# Capturing and Exploring Data from the RTL SDR

NOTES:
+ You need an RTL SDR dongle to capture data. They can be purchased for about \$20 on Amazon.
+ Data capture requires the **pyrtlsdr** library. Install with pip.
+ Saving the data in SigMF format requires the **sigmf** library, which can be found on github [here](https://github.com/gnuradio/SigMF)
+ `read_samples()` cannot capture an arbitrary number of samples. 4 seconds is about the maximum I am able to read without erroring out
+ If you get an error when trying to read samples, chances are you will need to restart the IPython kernel

References:
+ https://witestlab.poly.edu/blog/capture-and-decode-fm-radio/
+ https://tomroelandts.com/articles/how-to-create-a-simple-low-pass-filter
+ https://en.wikipedia.org/wiki/Heterodyne
+ https://en.wikipedia.org/wiki/Downsampling_(signal_processing)

In [None]:
%matplotlib inline

In [None]:
from rtlsdr import RtlSdr
import cmath
import numpy as np
from scipy import signal
import matplotlib.pyplot as plt
from matplotlib import animation, rc
from IPython.display import HTML
from IPython.display import Audio
import datetime as dt

In [None]:
help(RtlSdr)

## Using pyrtlsdr to interact with the device

In [None]:
#Get a list of detected devices (how many dongles do you have plugged in?)
serial_numbers = RtlSdr.get_device_serial_addresses()
print("List of Serial Numbers: {}".format(serial_numbers)) # Default serial number for all Rafael Micro R820T/2 chips is "1"

# You can interact with the device by serial number, or you can also use a "device index"
device_index = RtlSdr.get_device_index_by_serial('00000001') # Find the device index for a given serial number
print("Device Index for SN {}: {}".format('00000001', device_index))

In [None]:
# Instantiate an RtlSdrAio object
sdr = RtlSdr(serial_number='00000001')

In [None]:
# Check some properties
print(sdr.get_tuner_type())
print(sdr.get_gains())

# Configure the dongle
sdr.sample_rate = 2.048e6 # samples/second
sdr.center_freq = 100e6 # Hz (The Rafael Micro R820T/2 chipset supports 24 - 1766 MHz)
#sdr.freq_correction = 1 # ppm
sdr.gain = "auto" # dB

In [None]:
# Confirm settings
print("Sample rate is: {} samples/sec".format(sdr.get_sample_rate()))
print("Center frequency is set to: {} Hz".format(sdr.get_center_freq()))
print("Frequency offset correction set to: {} parts per million".format(sdr.get_freq_correction()))
print("Gan: {} dB (0.0 = automatic gain control".format(sdr.get_gain()))
print("Bandwidth is: {}".format(sdr.get_bandwidth()))

In [None]:
help(sdr.read_samples)

In [None]:
# Capture data for one 2048-point FFT and PSD plot
samples = sdr.read_samples(2048)

Plot the [**Power Spectral Density (PSD)**](https://en.wikipedia.org/wiki/Spectral_density) using pyplot's builtin function.

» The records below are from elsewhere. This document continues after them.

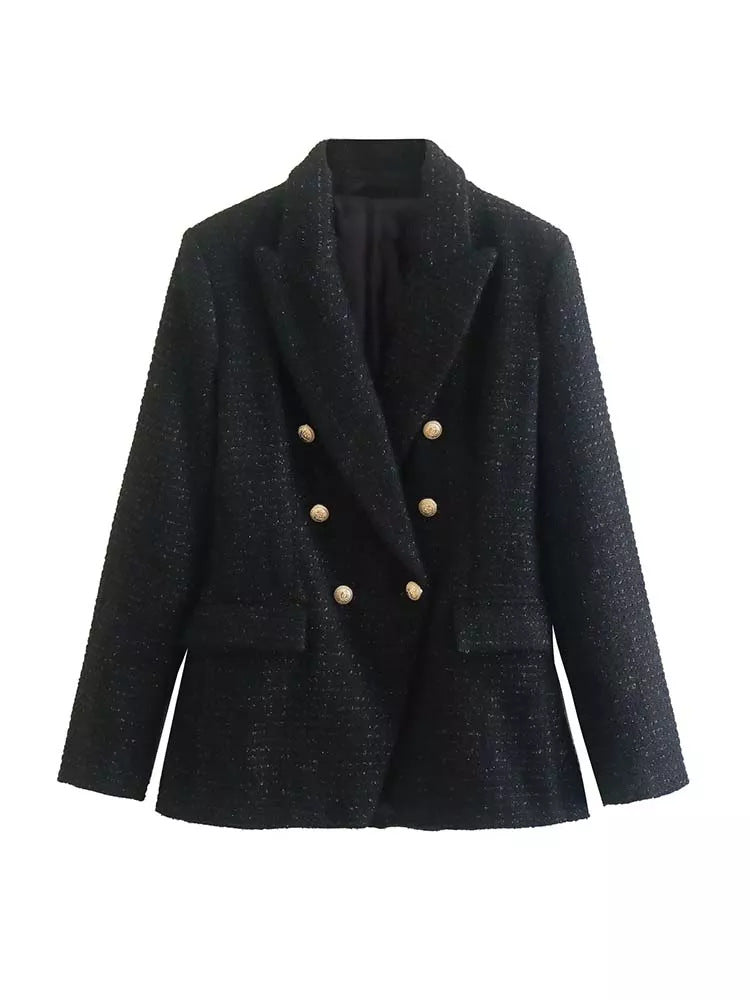 Women's double breasted textured blazer with long sleeves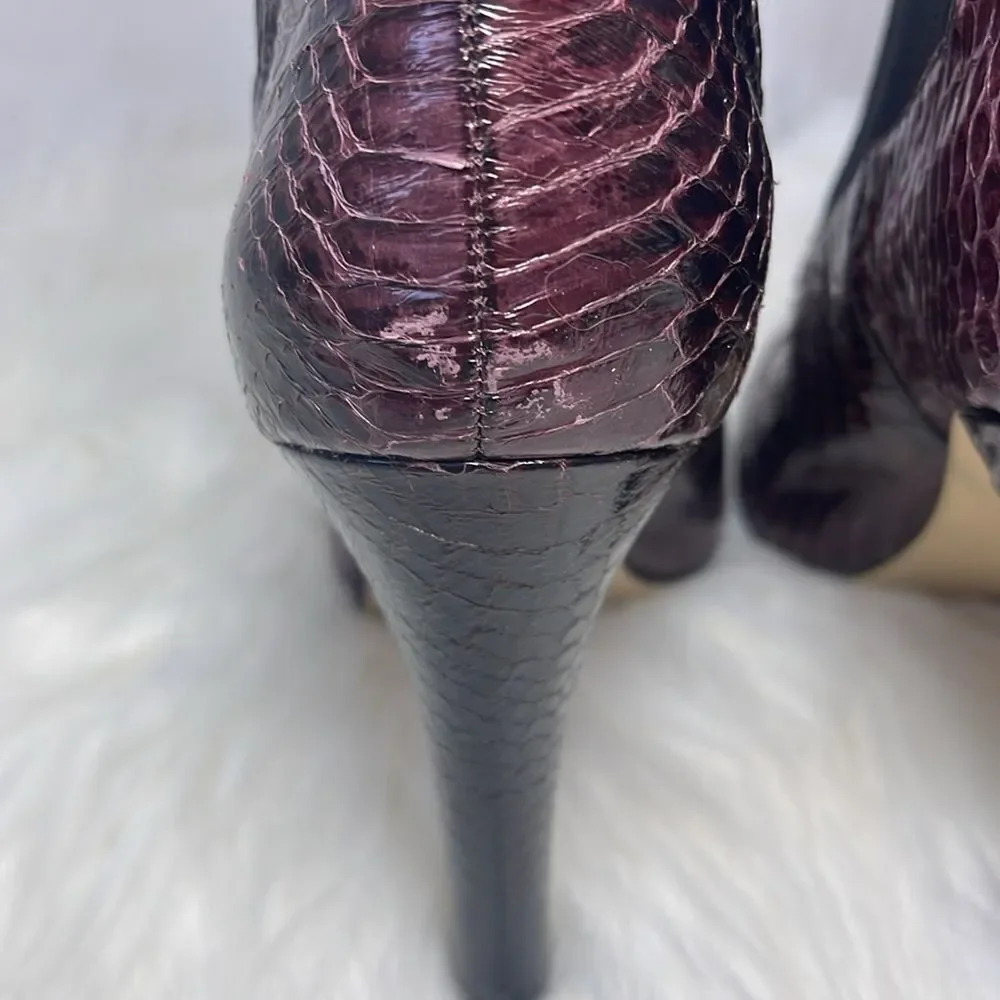 Ava & Aiden Purple/Black Snake High Heeled‎ Booties Sz 8.5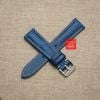 Dây đồng hồ da bò thật, da thảo mộc Pueblo màu Xanh Dương chỉ Be may thủ công handmade size 18-19-20-21-22mm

This will give us an idea of what signals are out there.
+ See [this reference page](https://matplotlib.org/3.1.1/api/_as_gen/matplotlib.pyplot.psd.html)

In [None]:
fig, ax = plt.subplots(figsize=(16,5))

Pxx, freqs = ax.psd(x=samples,
                    NFFT=2048,
                    Fs=sdr.sample_rate,
                    Fc=sdr.center_freq,
                    detrend=None,
                    window=None,
                    noverlap=None,
                    pad_to=None,
                    sides='twosided',
                    scale_by_freq=None,
                    return_line=None)

In [None]:
# Capture 4 seconds of data and plot using specgram
timestamp = dt.datetime.now() # we will use this later
samples = sdr.read_samples(4 * sdr.sample_rate)
Fs = sdr.get_sample_rate()
Fc = sdr.get_center_freq()

fig, ax = plt.subplots(figsize=(16,12))
_ = ax.specgram(x=samples,
             NFFT=2048,
             Fs=Fs,
             Fc=Fc,
             detrend=None,
             window=None, 
             noverlap=None,
             cmap=None,
             xextent=None,
             pad_to=None,
             sides='twosided',
             scale_by_freq=None,
             mode=None,
             scale=None)

I see a two traces of energy within this ~2 MHz bandwidth.  One at 100.5 MHz and one at 99.7 MHz, corresponding to FM radio stations in my area. Your results will be different based on what radio stations are present in your environment.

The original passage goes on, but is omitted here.